There is the official answer and the realistic answer (from a business perspective):
Official
Officially, the greatest benefit your Python skills will bring you is flexibility. If you need to run an economic model where you want to show gradient uncertainty or something else complex, doing that manually in any Data Visualization/Business Intelligence software is going to be a pain. Even simpler tasks, like semi-complex aggregations, will often be easier to accomplish in a few lines of Python compared to the mess they can quickly become in BI software.
Practical
Business Intelligence software—which I will include Tableau in for this answer—can handle a significant portion of real-life data analysis and data visualization steps. While they are not particularly flexible compared to code, they are good enough for day-to-day use. In general, given a typical business setting, I would readily recommend them for most users. The greatest limiting factor with all of them is that the biggest job of a business data scientist is collecting and, most importantly, cleaning data, and that boils down to either manual labor... or coding. All BI software attempts to help with automatically pulling in data and, to a lesser extent, assisting with cleaning it up. However, the real job often boils down to: "connect to these databases, clean the data, combine the data, and put them somewhere so you or someone else can visualize the data in BI software."
And that's the thing: Google Data Studio is easily the least capable of all the popular BI solutions, yet it has become my go-to solution. This is because once I prepare the data correctly, I can give it to anyone to explore, and it has the easiest/best UX. And yes, any complex statistics will happen long before it gets into any BI software (in both Tableau and Microsoft Power BI, you can also run Python directly inside the product... personally, I wouldn't recommend it, as it 1) just becomes messy and 2) pulls it out of source control), but those occur less often than one might expect.
Conclusion
If you are in the business of business intelligence, then I would wholeheartedly recommend leaning on business intelligence software as much as possible.
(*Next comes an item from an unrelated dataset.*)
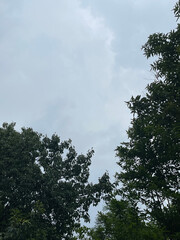 Overcast sky framed by lush green tree branches, signaling a calm, cloudy day.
My experience is that you have:
- What your job really is: the Data Warehouse side of things (extract your data, transform (clean it), and load (store it somewhere you can access from both your BI software and Jupyter))
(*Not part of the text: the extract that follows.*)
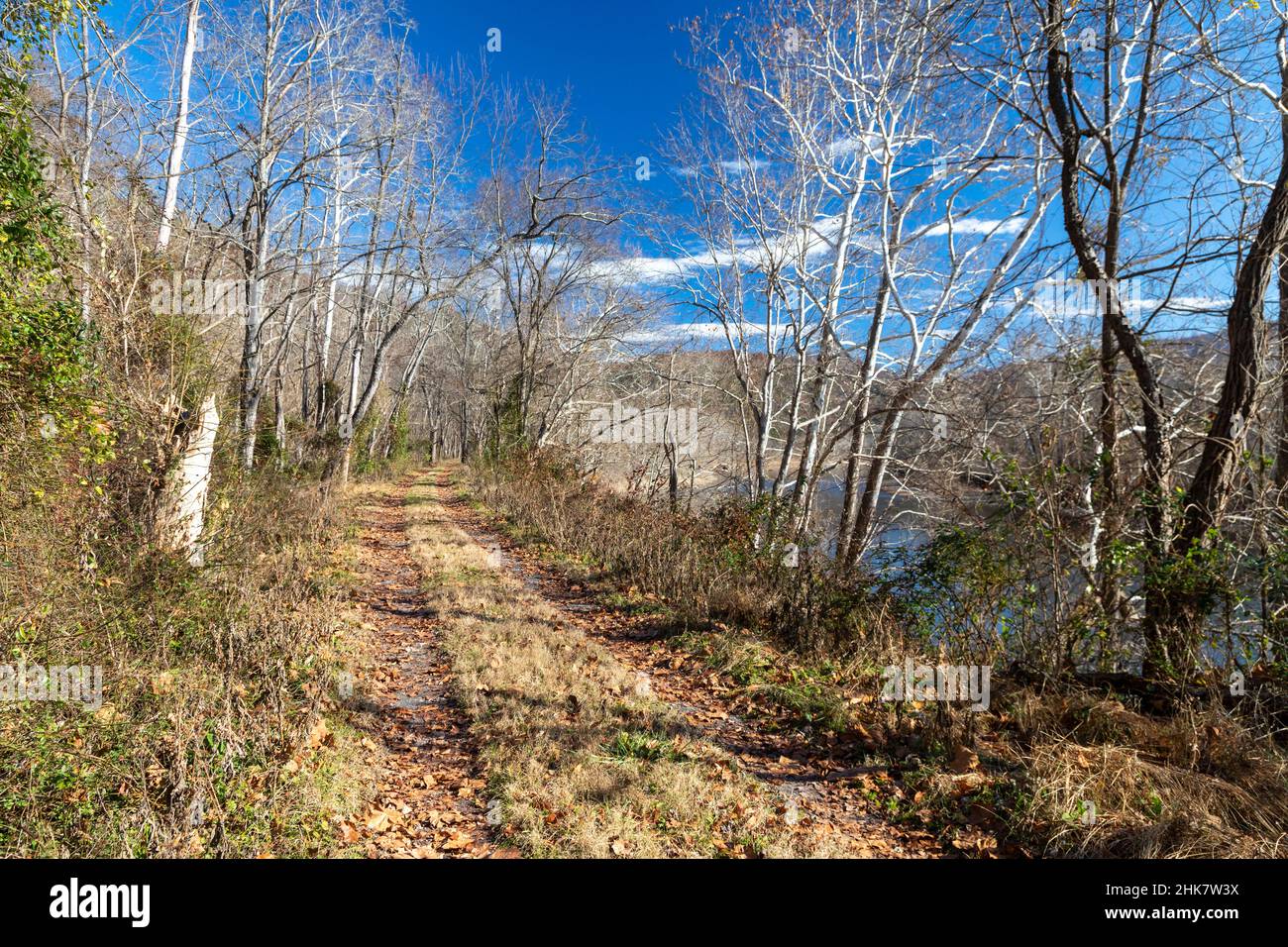 Little Orleans, Maryland - der Towpaath im historischen Park des Nationalparks von Kephapeake & Ohio Canal. Der Kanal wurde von 1831 bis 1924 betrieben und trug Kohle Stockfoto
- What your end users will see: the BI software for standard visualizations
- What you want it to be: the occasional Jupyter notebooks for specialized analyses
Of course, your experience might be completely different, but this has been my personal experience after working for a couple of years for a company that helped companies with their data-driven business management (and thus, I got to see how it worked in a whole bunch of companies). And, yes, often enough, all a company will be using is Excel + Power Query.
PS. Tableau tries to be this all-in-one solution. Personally, my experiences have not been positive with them, but for what it's worth, they are the most established player on the market.